▸ Exercise objective: Pull out of the data below the stretch of lines bounded by the one containing "image:imageLavish Home Wolf" and the one containing "Nova Display Systems", both bounds included, unchanged.

▸ Provided records:
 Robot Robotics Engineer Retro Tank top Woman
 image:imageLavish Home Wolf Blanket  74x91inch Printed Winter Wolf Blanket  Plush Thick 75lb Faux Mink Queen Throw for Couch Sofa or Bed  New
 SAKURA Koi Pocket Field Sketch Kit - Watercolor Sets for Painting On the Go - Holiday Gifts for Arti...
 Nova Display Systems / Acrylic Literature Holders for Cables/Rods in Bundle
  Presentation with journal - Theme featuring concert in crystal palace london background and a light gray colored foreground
...
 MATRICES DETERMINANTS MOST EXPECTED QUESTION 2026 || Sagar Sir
--
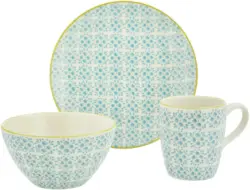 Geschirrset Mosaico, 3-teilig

▸ Response area:
 image:imageLavish Home Wolf Blanket  74x91inch Printed Winter Wolf Blanket  Plush Thick 75lb Faux Mink Queen Throw for Couch Sofa or Bed  New
 SAKURA Koi Pocket Field Sketch Kit - Watercolor Sets for Painting On the Go - Holiday Gifts for Arti...
 Nova Display Systems / Acrylic Literature Holders for Cables/Rods in Bundle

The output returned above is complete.